The journey down the mountain – 01/03/2010

You cannot spend long at the summit.  Firstly you don’t want to, as you really don’t feel like it due to the lack of oxygen.  Secondly your guide/assistant guide won’t let you.  Every extra minute up there is not good for you.  You have 40% of the oxygen that you would have at sea level.  Oh yes and thirdly it is (at least for us) blizzarding snow like nobody’s business. In fact just getting the camera out gets it wet, and although I need this moment and these photographs I don’t want to ruin the camera either.  Your brain works reeeeaaaalllyyy slowly here.  After about 10 minutes at the sign proclaiming the “World’s Highest Free Standing Mountain”, Raymond suggests we get away.  There are no arguments from us.

Wish I could linger here a little while longer, it was fun!!

To get down we have to get to Gilman’s Point, which is the eastern most point of the crater, and almost 1000 feet lower than Uhuru.  The journey is scary.  There are precipitous drops on both sides, and we are walking on snow and ice with perhaps two or three feet each side of us at times.  To add to this we are nearly four miles up in the air, have been awake for over 24 hours, have just climbed Kilimanjaro, and are just dead on our feet.  Oh and I have run out of all drinking or eating materials, and it is snowing like crazy.

I don’t even dare get my camera out.  You need poles here badly, and thankfully I had mine (in fact I had been clinging to them for dear life all night long), and was still capable of them.  But we cannot stop to rest at all – time is precious.  We reach Gilman’s Point after I do not know how long, and began edging down, pole by pole, step by step, on icy, steep scree.  If you fell here you’d end up:-

  1. Creating a very big snowball with you in the middle of it, and
  2. It’d be the last thing that you ever did.

After about perhaps 40 minutes of painfully slow, toe curling, twitchy moments, the scree turned more loose, and less icy.  This enabled us to scree-ski and make huge gains.  It was actually fun!!!!!!.  It was also hard, but by leaning back and basically jumping each step you were carried down by the weight of your body at each step.

Let's get the hell out of here..............

The desire to get to lower altitude also took over, and so the effort was worth the reward, on a ‘no pain – no gain’ basis.  Altogether it took probably 3.5 hours to get down to Kibo Huts, at an altitude of 4,700 m, where we would have lunch.  By the time we reached there we were exhausted but still elated by all that had happened during the night. We all made it, which was fantastic beyond belief.

After probably not the best lunch we had ever had, which was described to us as French toast and cucumber soup, although it really looked like neither, we set off back to Horombo camp, where we had left the previous morning some 18 or so hours before.
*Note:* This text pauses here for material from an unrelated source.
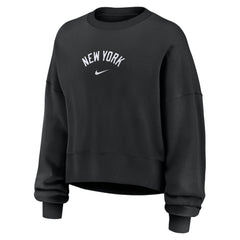New York Yankees Women's Oversized Primetime Sweatshirt Black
The walk was long and dull and wet.  It was also across what must be Kilimanjaro’s only ‘boring’ terrain known as The Saddle.  The walk was a further 12km or so and it rained pretty hard for about two thirds of the way.  Some 3.5 hours later we were back at Horombo.  When we arrived I was immediately greeted by Kevin, my porter.  He had lugged my bag and watched my tent for me every day for the last six days.  Porters cannot go to the summit, but news had been telephone ahead of our success.  He was clearly delighted and we hugged each other.  It was a lovely moment.

Close to Horombo after 36 hours of up and down at the summit

We had dinner at about 6pm and I have no recollection of what it was.  Tiredness had basically overcome all of us, and by the time dinner was completed, and a brief interlude to sort out tips for the following day, everyone headed straight for bed.

From 8pm or so I slept until 6am the following day. Someone asked me if I had heard the gales during the night. I said that if a herd of rampaging elephants had stampeded through my tent I would not have heard them. In fact, it may have been the best night’s sleep I ever had, and I do not believe I moved a muscle all night, which is a good thing, as everyone of them had been used to the point of not wanting to be used any more.